Open TS: An Outline of Dynamic Parallelization Approach

Sergey Abramov¹, Alexei Adamovich¹, Alexander Inyukhin², Alexander Moskovsky¹,
Vladimir Roganov¹, Elena Shevchuk¹, Yuri Shevchuk¹, and Alexander Vodomerov²

1 Program System Institute, Russian Academy of Sciences, Pereslavl-Zalessky, 152020, Russia, Yaroslavl Region. +7 08535 98 064 (phone&fax) abram@botik.ru
2 Moscow, 119192, Michurinsky prosp., 1, Institute of Mechanics of MSU, Russia

Abstract. The paper is dedicated to an open T-system (OpenTS) - a programming system that supports automatic parallelization of computations for high-performance and distributed applications. In this paper, we describe the system architecture and input programming language as well as system's distinctive features. The paper focuses on the achievements of the last two years of development, including support of distributed, meta-cluster computations.

1 Open T-System Outline

Open T-System (Open TS) is a recent dynamic program parallelization technology for high-performance and distributed applications. It originates from functional and metaprogramming technologies [1, 2] and tries to achieve maximum performance of single/multi-processors, supercomputers, clusters and meta-clusters. Another goal was the development of easy-to-use tools for parallel programming, with high learning curve and easy legacy code support. With initial implementations of T-system dated back to nineties and end of eighties of the last century, Open TS is a third generation of the T-system [3]. The Open TS approach allows addressing in a uniform way parallel computing problem for mutli-core processors, SMP systems, computational clusters and distributed systems. As well, Open TS facilitates parallel applications with non-uniform parallelism grains or parallelism grains defined at runtime.

1.1 Related Work

The Open TS design utilizes many concepts of parallel computing. First of all, it devises high-level parallelizing approach, while many of them currently exist [4]. Secondly it utilizes an extension of C++ language to express parallelism, while many other extensions of C and C++ for parallel computing were developed [5]. Thirdly, the concept of T-system is based upon functional programming approach [1], that make it very similar to parallel implementations of functional languages [6]. At last, Open TS runtime implementation utilizes Distributed Shared Memory (DSM) [7], mutli-tier architecture [8] and C++ template- based design [9]. Here we note separately only small fraction of all works in this field, not comprehensive but representative, as we hope:

Charm++ [10] is a C++ extension for parallel computing, which is used to create high-performance codes for supercomputers [11]. Open TS is different in many aspects - from runtime implementation to language semantics. The most important is that Open TS uses functional approach for parallelization, while Charm++ uses asynchronous communication with object-oriented model.
mpC++ is another example of successful implementation of "parallel C" for computational clusters and heterogeneous clusters [12]. While mpC uses explicit language constructions to express parallelism, Open TS has implicit parallelization constructs.
Cilk is a language for multithreaded parallel programming based on ANSI C [13]. Cilk is designed for shared memory computers only, in contrary Open TS can be run on computational clusters and meta-clusters.
Glasgow Parallel Haskell is a well-known extension of Haskell programming language [14]. Open TS is similar with GPH by utilizing some implicit approach to parallelizing computation, while enabling low-level optimization on C++ level, unavailable in Haskell.
OMPC++[15] is very similar to Open TS in many aspects, especially in the way of using C++ templates in runtime. However, language extensions are of primary importance for Open TS concept.

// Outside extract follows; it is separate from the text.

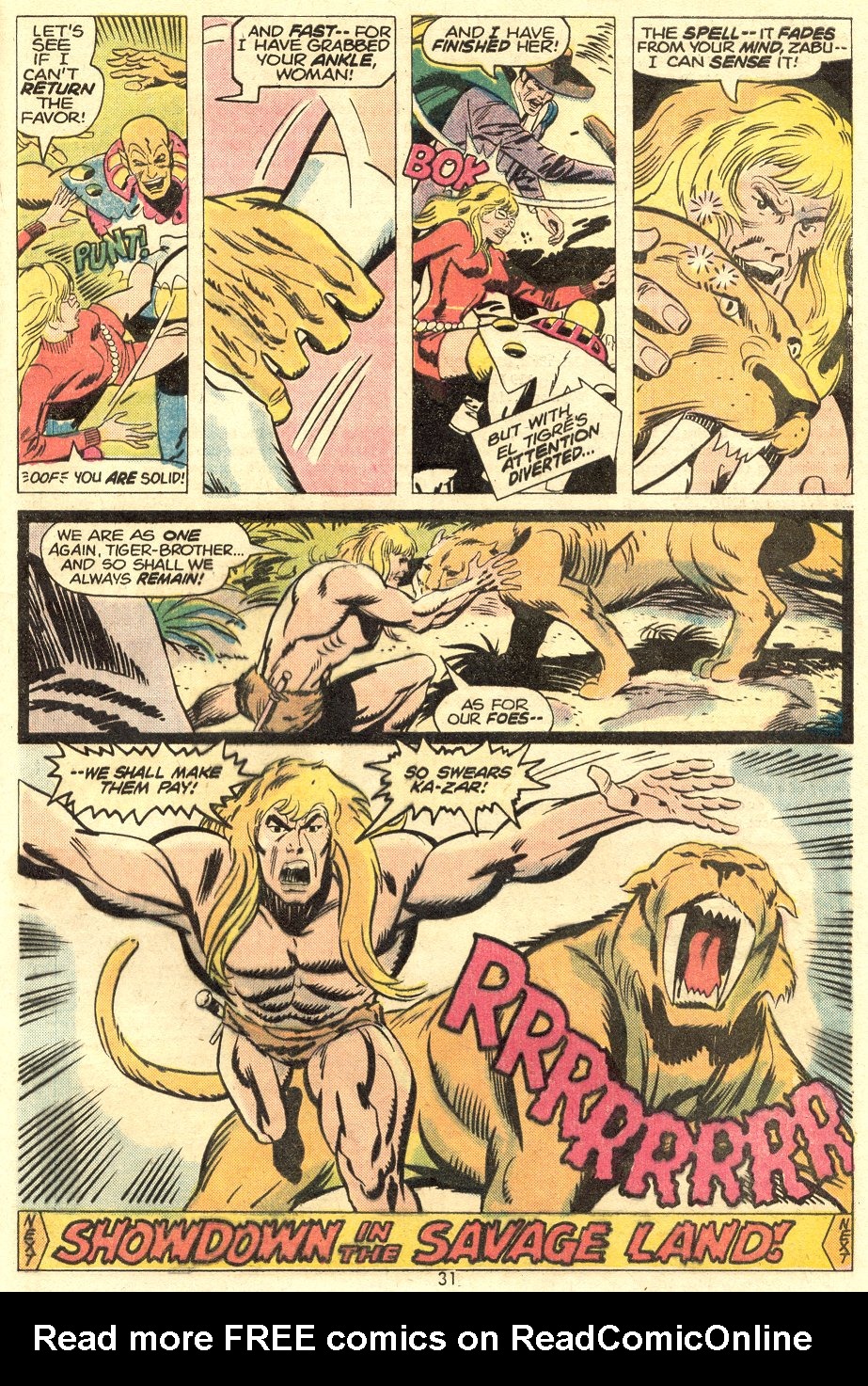 Read online Ka-Zar comic -  Issue #3 - 20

While many parallel programming techniques, like Unified Parallel C [16] and CxC [17] are not covered in our comparison, Open TS distinctions will be virtually the same.

1.2 Programming Model

Unlike many tools for parallel programming, T-System does not try to change the usual programming model too much. Native input language is a transparent attributebased extension of C++; however, other T-dialects of programming languages are in the development stage: T-FORTRAN, T-REFAL. Only two new notions are really important for programming: T-function and T-value. T-values are extensions of basic C values with non-ready value, read access to a non-ready value stops execution of a T-function, unless C-value is provided during computation. T-functions are pure Cfunctions forming functional model at the top level of program structure. However, imperative C exists inside T-functions enabling potential for low-level optimization. Support for object oriented-model is forthcoming.

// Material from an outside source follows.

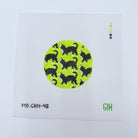 Black Cat Round Canvas - KC Needlepoint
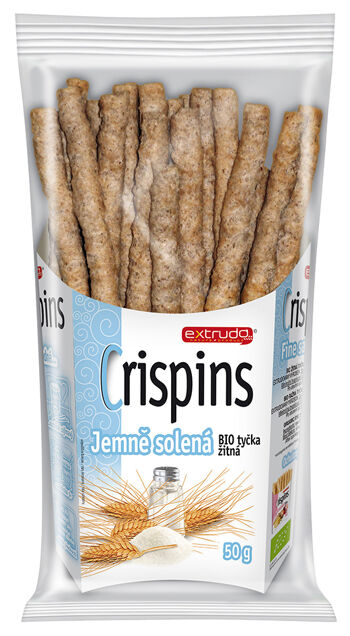 Bio tyčinky žitné jemně solené Crispins Extrudo 50 g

An important feature of Open TS is a separation of the computation code from the scheduling code. In Open TS, the programmer is enabled to develop complex strategies for dynamic parallelization without affecting the computational code itself.

1.3 Execution Model

Parallel execution is based on a completely conflict-free data-flow model, and the "macro-scheduling" algorithm distributes computational tasks (active T-functions) over all available computing resources on the fly. Thus, latency hiding should enable very high computational power utilization. Moreover, heterogeneous (e.g. different CPU speeds) computational clusters can be efficiently loaded with that approach.

Special hardware such as application-specific accelerators and processors can be also considered as specific computational resources, it is dynamically loaded in the same way.

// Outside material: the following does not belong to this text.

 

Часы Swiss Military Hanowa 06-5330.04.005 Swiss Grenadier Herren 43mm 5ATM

(¹) Opens supports the usage of more than one million of threads even in one usual processor - this was shown practically, this was used in real applications.

Millions of threads¹ can work in a cooperative and conflict-free way enabling latency hiding: any time non-ready T-value is reached, T-System switches rapidly to another ready-to-compute task. In this way, T-System avoids blocking computation in many cases when communication infrastructure permits. In brief, T-System may be a good candidate to fill up the gap between fast recent CPUs and latency-restricted communications.

1.4 T-Applications

T-application is a self-contained, dynamically linked executable. In a nutshell, it recognizes the execution environment and automatically loads a corresponding communication driver on the fly. The execution environment may be one of the following.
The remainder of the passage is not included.